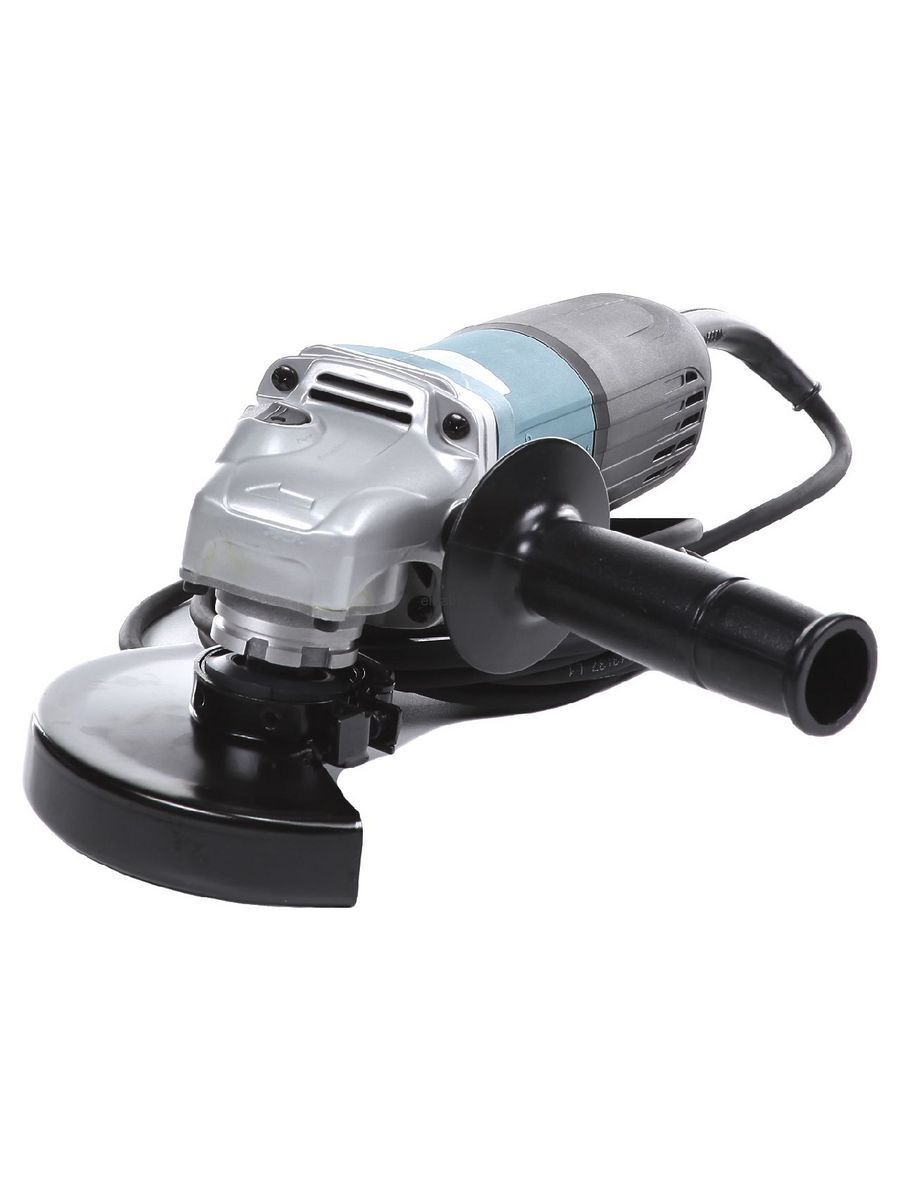 Угловая шлифовальная машина Makita GA5040RZ1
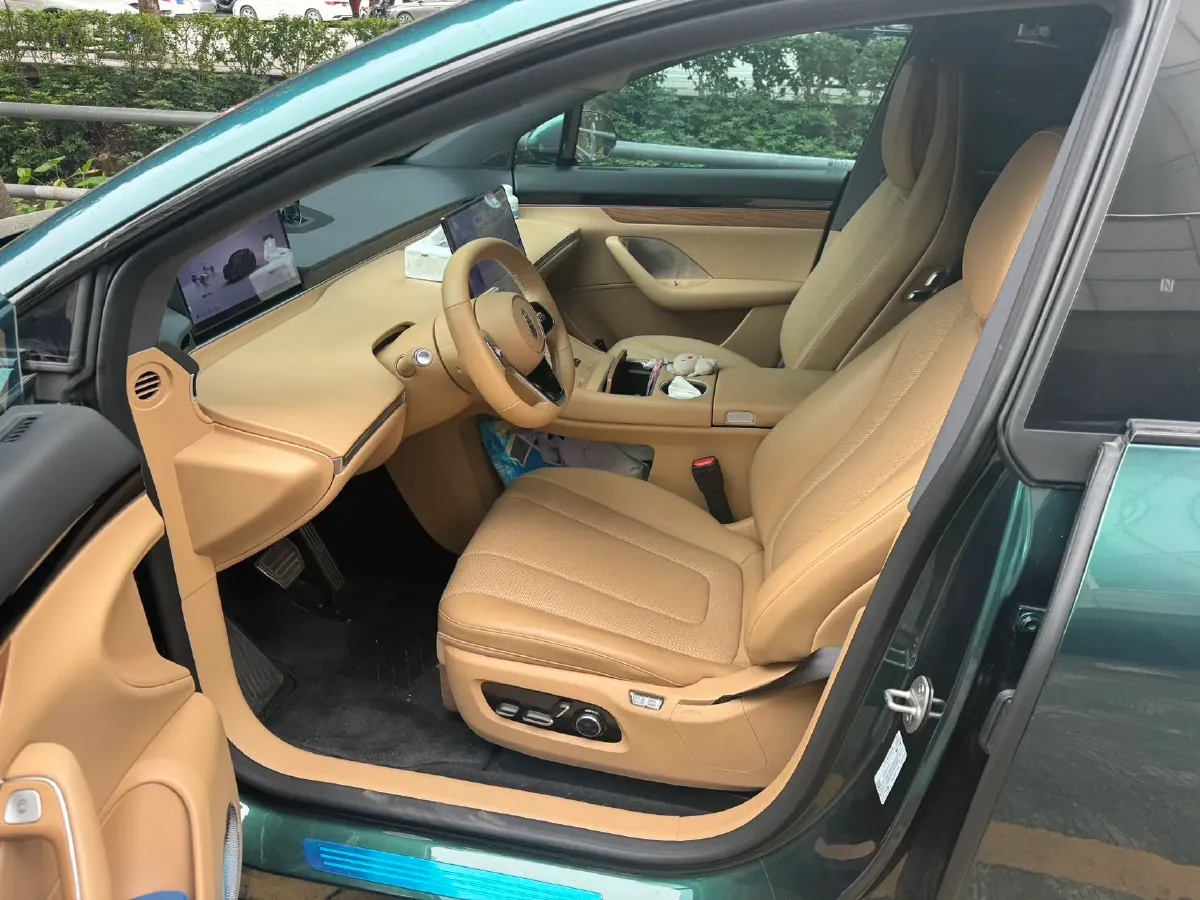 2024 HIMA R7 BEV 100KWH,autocango,china used car exporter,china ev exporter,chinese used car exporter,chinese used ev exporter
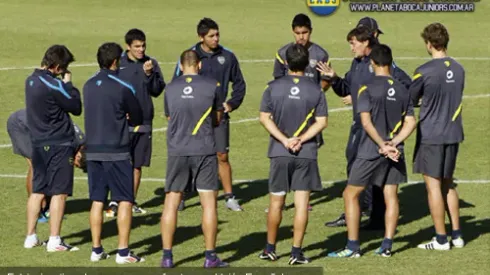 Hay equipo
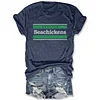 Seattle Seachickens Seattle Seahawks Tee
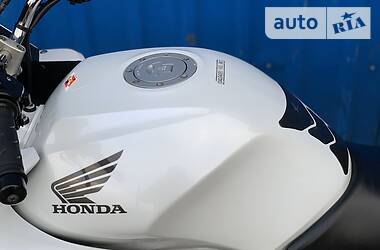 Мотоцикл Спорт-туризм Honda CBF 1000 2010 в Киеве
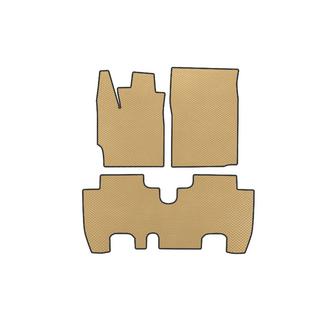 Alfombrillas EVA (Beige)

Problem statement: Pictures are to be dropped, and the lines from the line with "2024 HIMA R7" through the end of the material above are to be reproduced exactly.

Expected output:
 2024 HIMA R7 BEV 100KWH,autocango,china used car exporter,china ev exporter,chinese used car exporter,chinese used ev exporter
 Hay equipo
 Seattle Seachickens Seattle Seahawks Tee
 Мотоцикл Спорт-туризм Honda CBF 1000 2010 в Киеве
 Alfombrillas EVA (Beige)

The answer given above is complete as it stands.